# Assigned task
Lines from the one containing "2025 Mini Countryman ALL4 Signature photo 1" through the final line of the records below are needed, copied exactly, with no pictures.
____ Source material
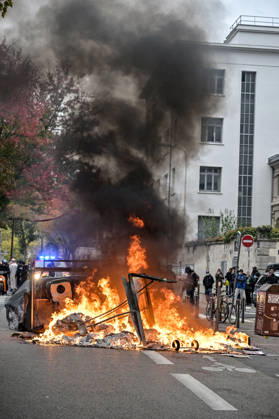 Clashes During The Yellow Vests Protest Act II - Lyon Clashes during the Yellow Vests Protest Act II In Lyon, France on 24 October 2026. Photo by ABACAPRESS.COM Lyon France  Copyright: xABACAx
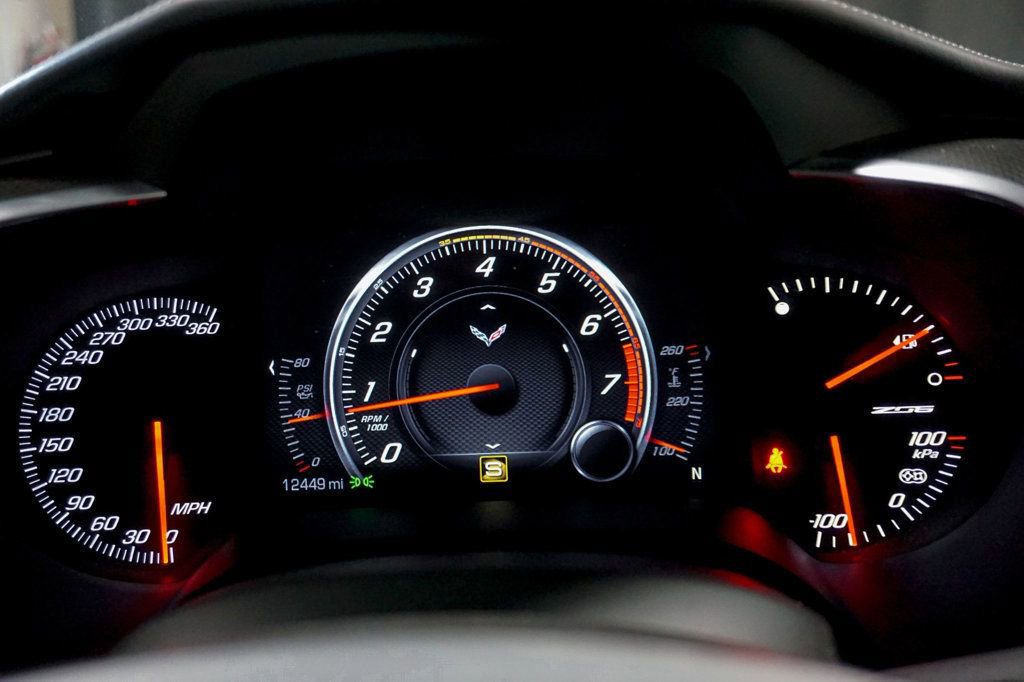 Used 2017 Chevrolet Corvette Z06 RWD image 33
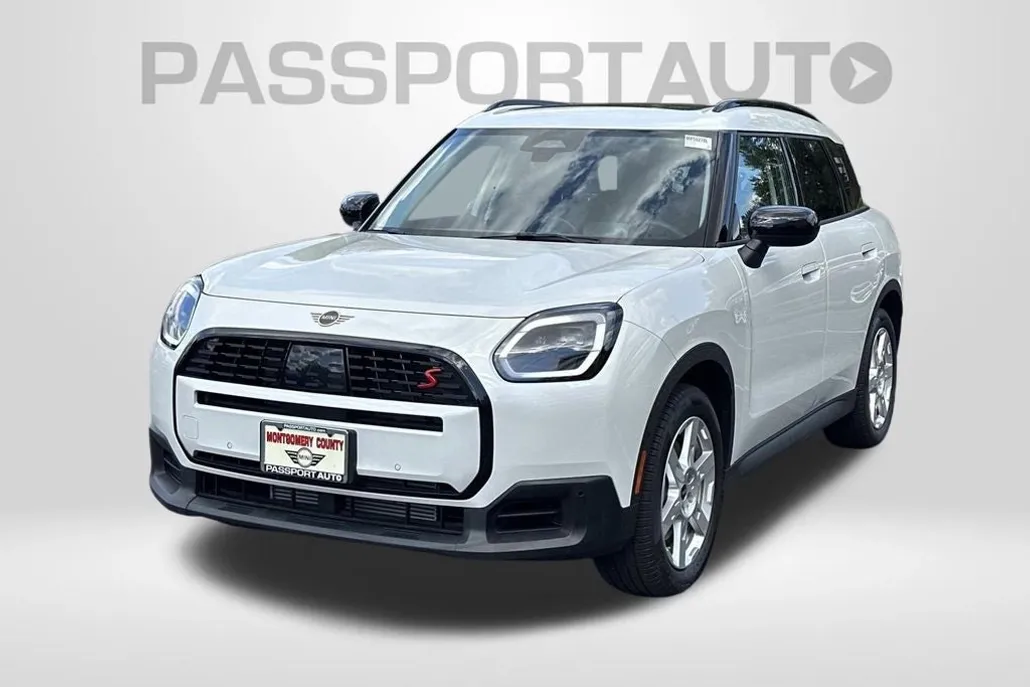 2025 Mini Countryman ALL4 Signature photo 1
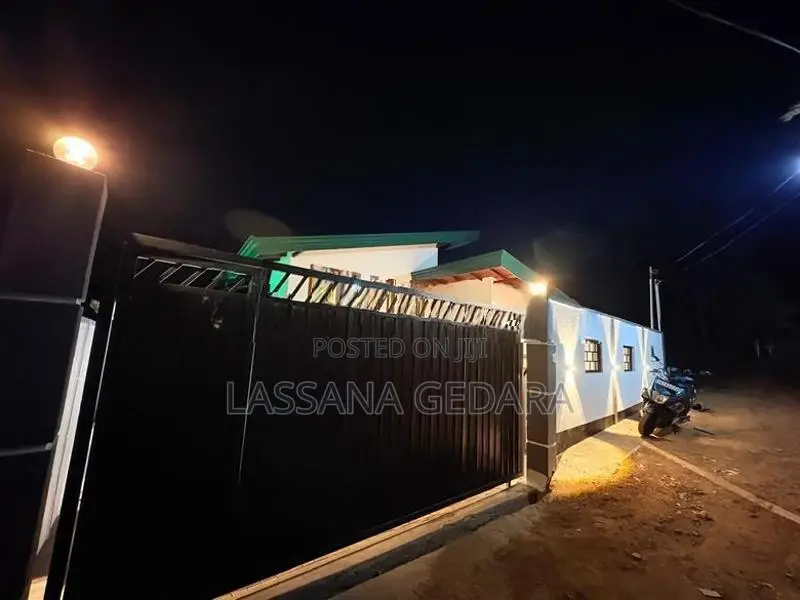 ගංවතුරට යට නොවෙනා කඩවතට ආසන්න නවීන නිවසක්-Kadawatha Brand new House Sa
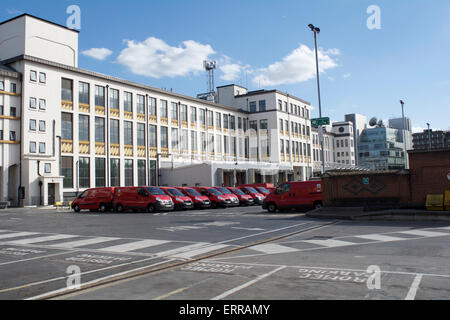 Furgoni postali fuori dal Mount Pleasant Mail Center, Farringdon Road, Londra, EC1, Inghilterra, REGNO UNITO Foto Stock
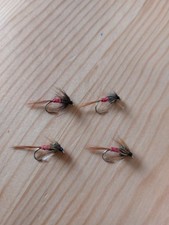 Cruncher Flies Red Size 12s ×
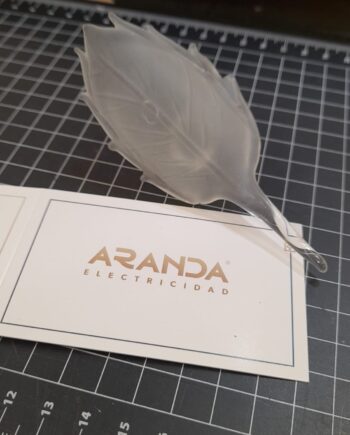 Tulipa de cristal mate de forma hoja para agujero 1,0 cm G4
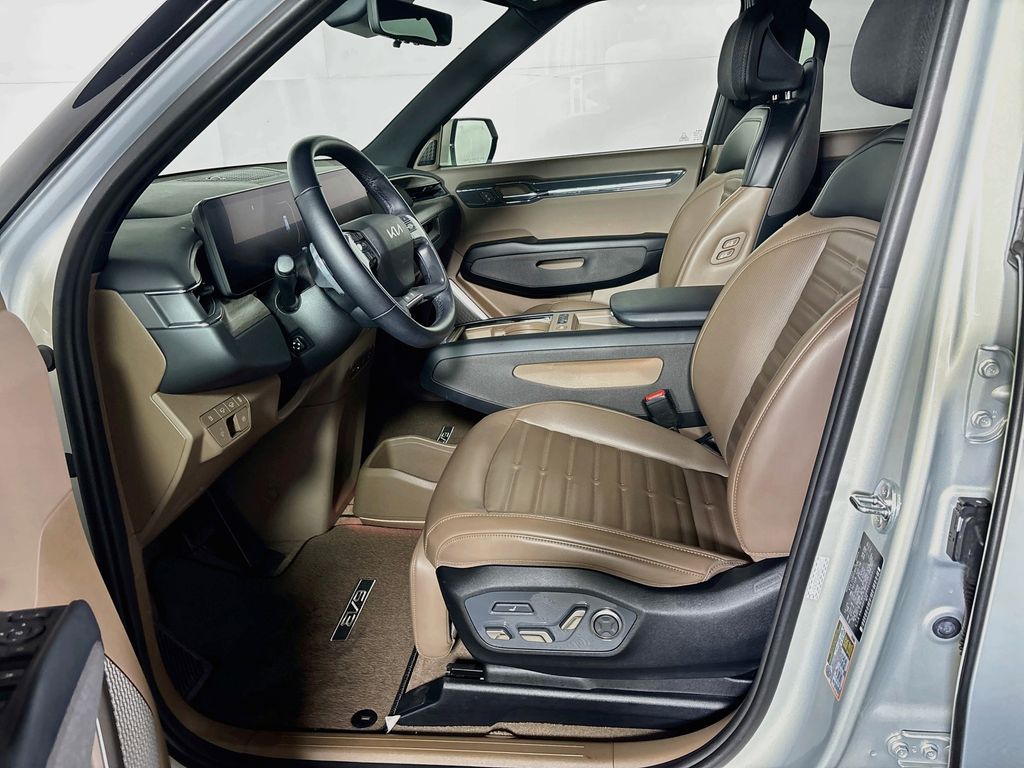 2024 Kia EV9 Land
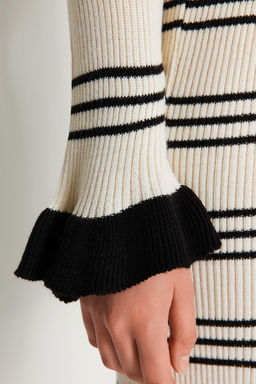 TRENDYOLMILLA Antrasit Mini Triko Cizgili Elbise TWOAW24EL00470  фото 8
________
# Solution
 2025 Mini Countryman ALL4 Signature photo 1
 ගංවතුරට යට නොවෙනා කඩවතට ආසන්න නවීන නිවසක්-Kadawatha Brand new House Sa
 Furgoni postali fuori dal Mount Pleasant Mail Center, Farringdon Road, Londra, EC1, Inghilterra, REGNO UNITO Foto Stock
 Cruncher Flies Red Size 12s ×
 Tulipa de cristal mate de forma hoja para agujero 1,0 cm G4
 2024 Kia EV9 Land
 TRENDYOLMILLA Antrasit Mini Triko Cizgili Elbise TWOAW24EL00470  фото 8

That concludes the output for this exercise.